How does this book make a contribution to the genre?

I always write my novels with an adventure in mind, but find that it is impossible to have a good adventure without the aspects of intrigue and subterfuge that are integral parts of the thriller genre.

Was there anything new you discovered, or that surprised you, as you wrote this book?

As I wrote WISH TO DIE, I began to realize that the story’s footing in history required more research than I had originally planned, so that in the end I had to insert a historical notes page so the reader would understand the authenticity of the story’s background.

No spoilers, but what can you tell us about your book that we won’t find in the jacket copy or the PR material?

WISH TO DIE is as much a love story as it is a thriller.

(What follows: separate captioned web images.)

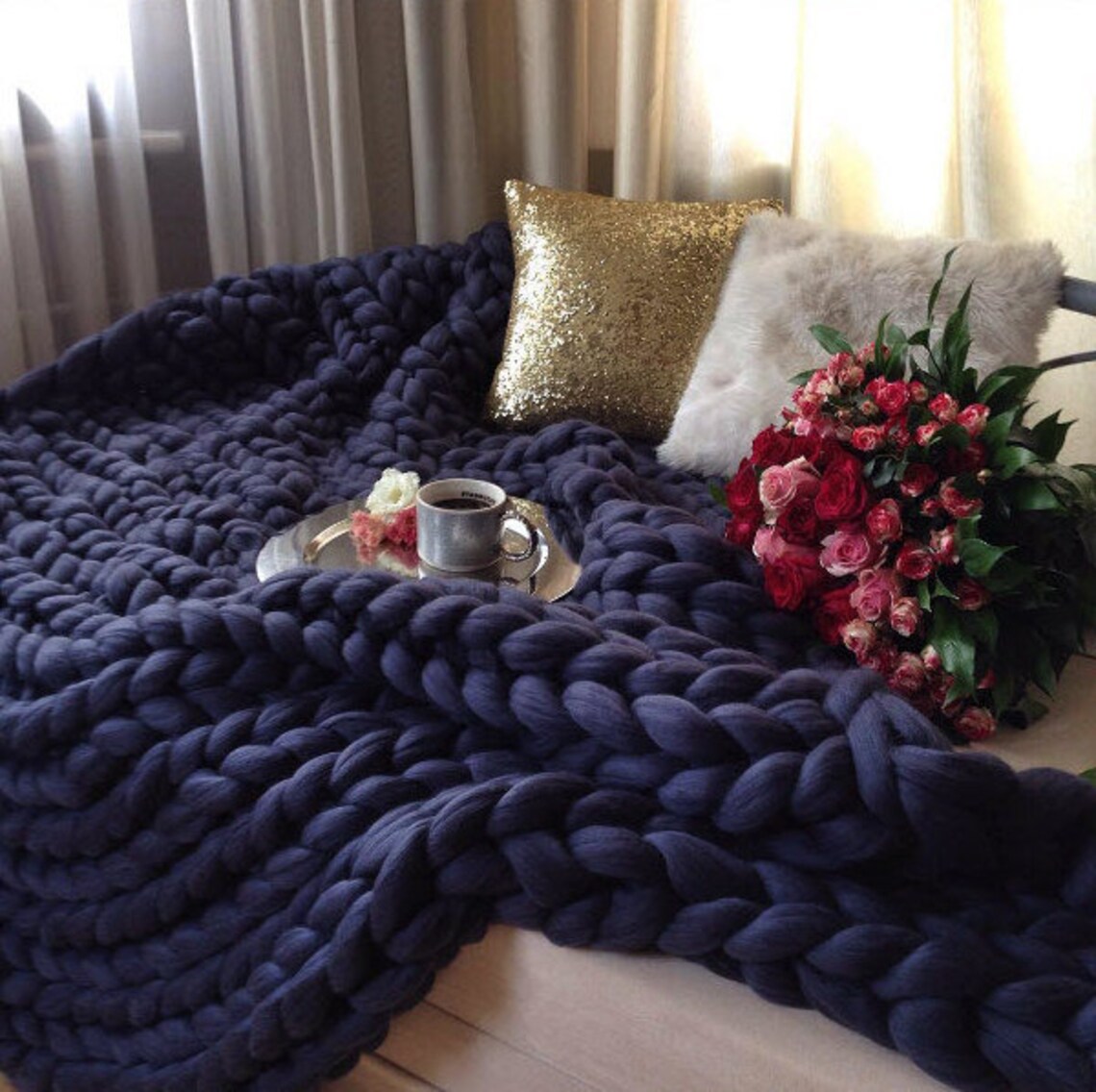 King Size Blanket Chunky Knit Blanket King Size Knitted King Etsy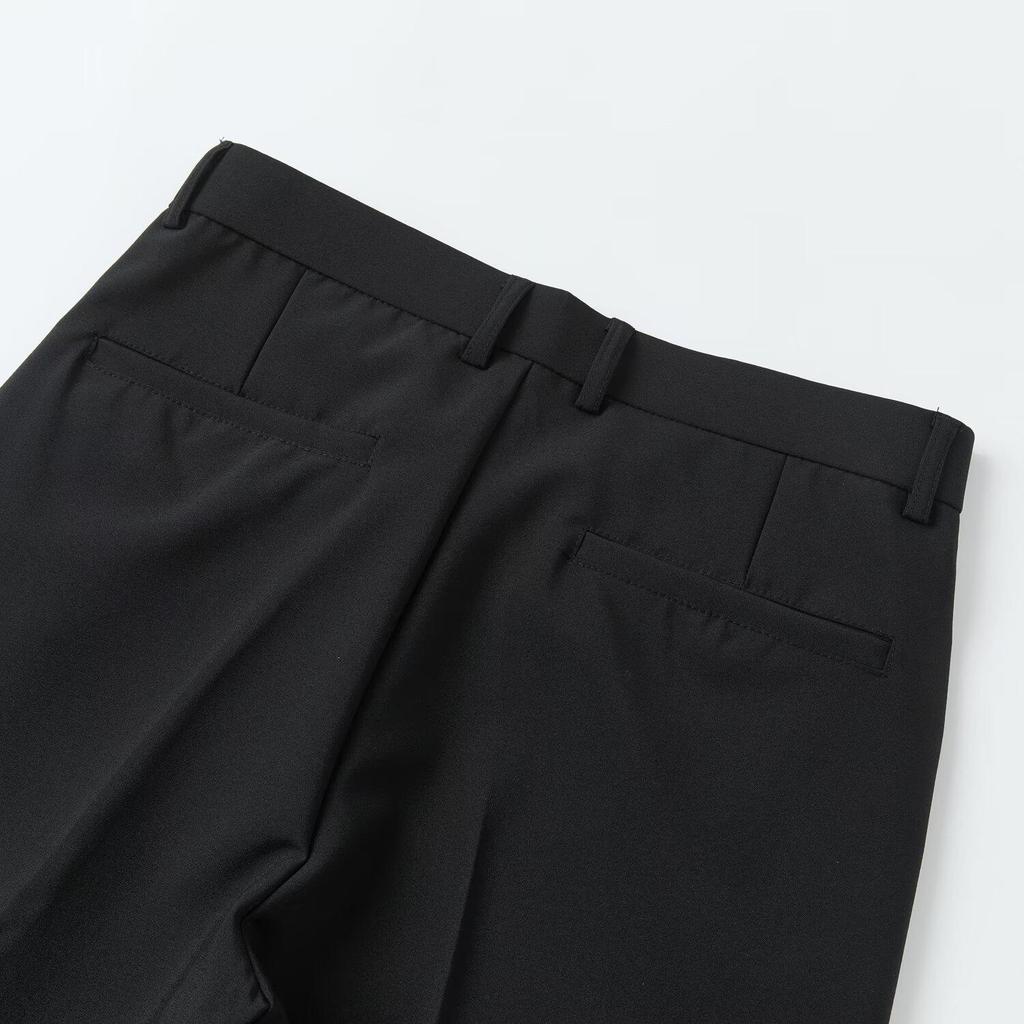 Men's Trendy Spring Casual Trousers - Half Elastic Waist, Versatile Loose Fit, Straight Leg Design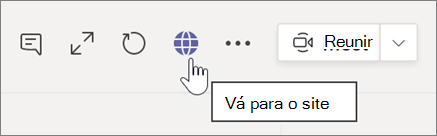 Captura de tela do cursor apontando para o ícone do globo e o texto da dica de ferramenta Vá para o site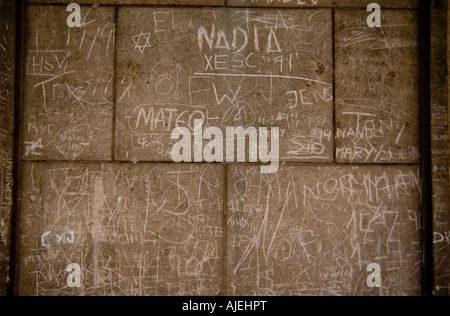 Wand-Palma de Mallorca Mallorca Spanien Graffiti auf einem Bahnhof in der Hauptstadt Stockfoto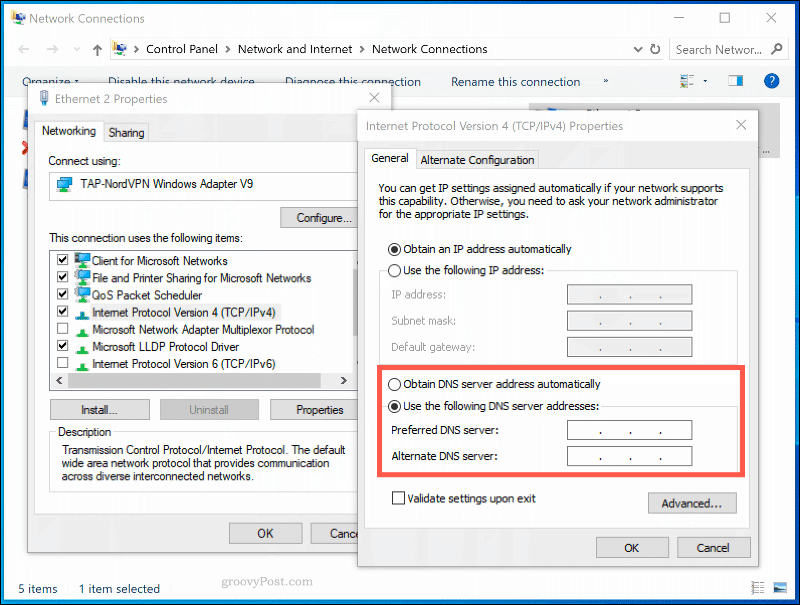 Okno ustawień DNS dla połączenia sieciowego w systemie Windows 10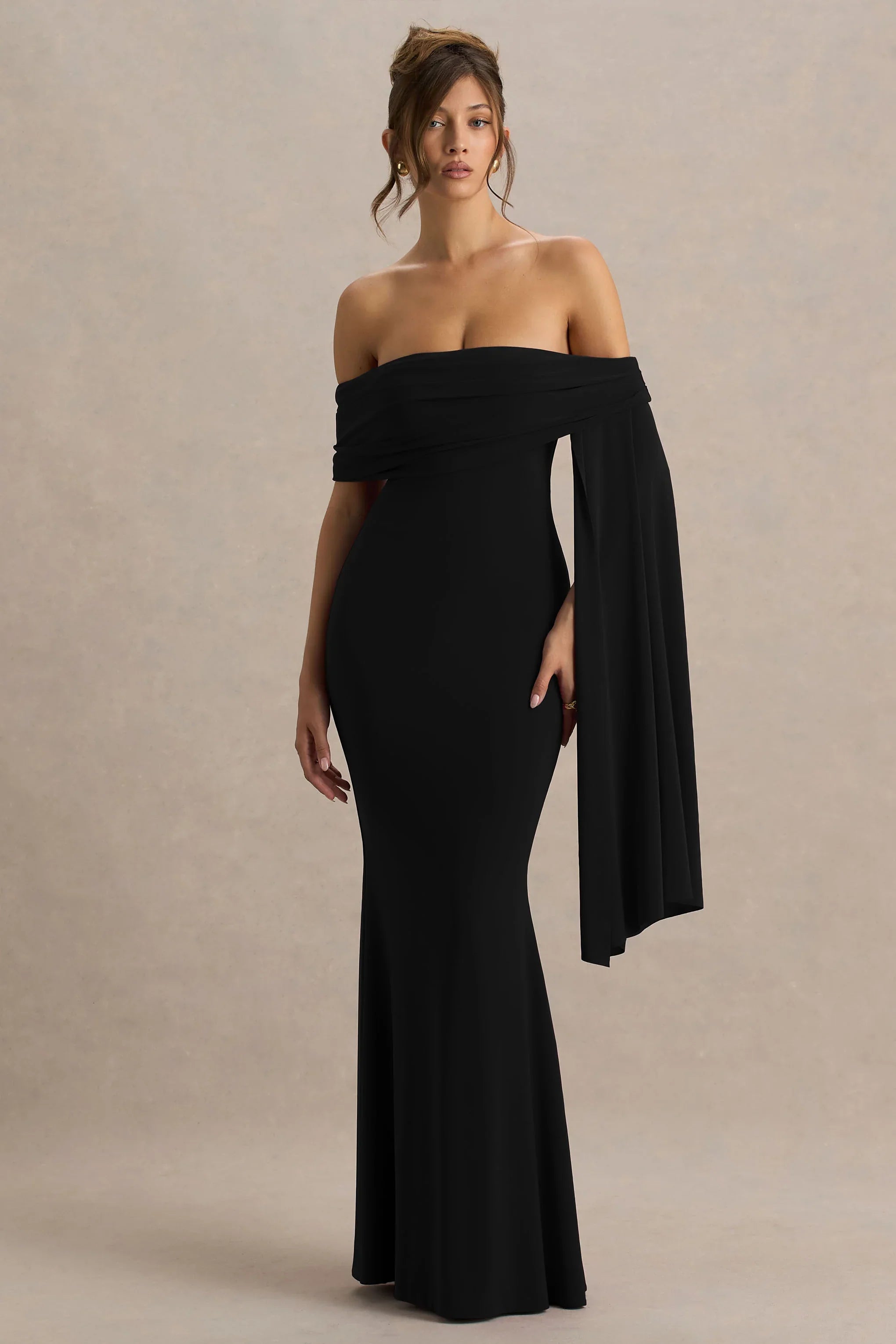 Saffina Black Bardot Neck Maxi Dress With Sash Detail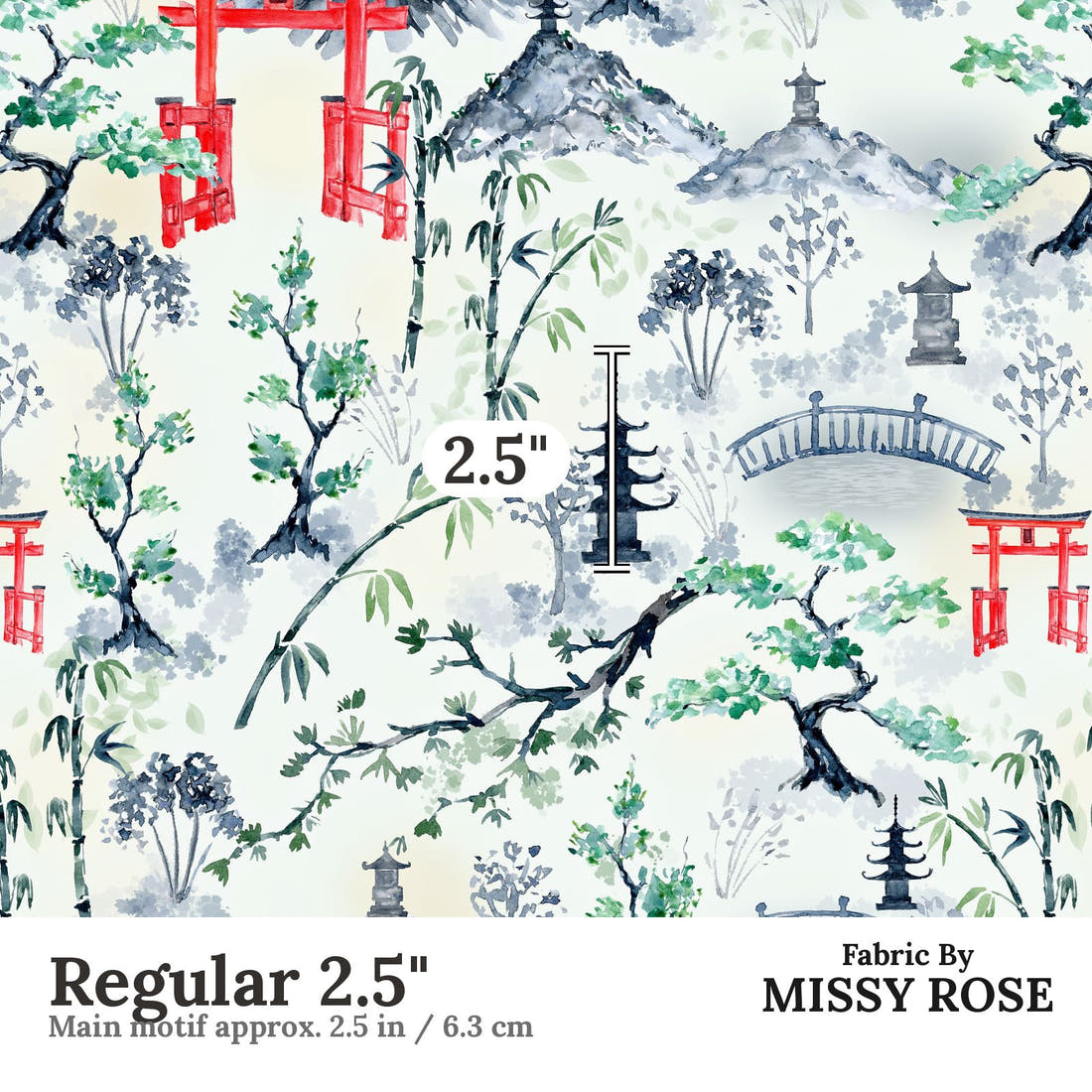 Design 474 Japanese Scenic Fabric Regular 2.5" - print scale | Fabric by Missy Rose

It begins during WWII and moves quickly to 1981 where the story takes place in both Greece and Philadelphia and its suburbs. I hope it is a page turner.

What authors or books have influenced your career as a writer, and why?

I think I get my love of story telling from Tolkien’s Lord of the Rings. Bernard Cornwell is a master historical novelist, and he writes the best battle scenes ever. Clive Cussler is beyond compare in the adventure genre. Ian Fleming’s James Bond novels have a richness and depth that cannot be discerned from the films. My overall favorite author is Martin Cruz Smith in any genre, but no one turned me on to reading more than Vonnegut.


Robert Walton grew up in the small village of Narberth along the main line of Philadelphia, Pennsylvania. With a degree in archaeology from Penn State University, he has worked tirelessly over the years to live up to his father’s expectations. Still, this did not stop him from pursuing his interest in writing.

Bob is the creator and owner–retired of the award-winning Bob’s Bagels in Lemoyne Pennsylvania, and when he is not writing, he can be found drinking coffee in local cafes and discussing the fate of mankind.

He lives and writes in New Cumberland, Pennsylvania, where he lives with his wife and grand-dog. His next project will follow a sixth century priest returning from Rome to his English estate in Mercia, only to be swept into a journey far into the unknown lands of the frozen north, in a pre-Viking adventure.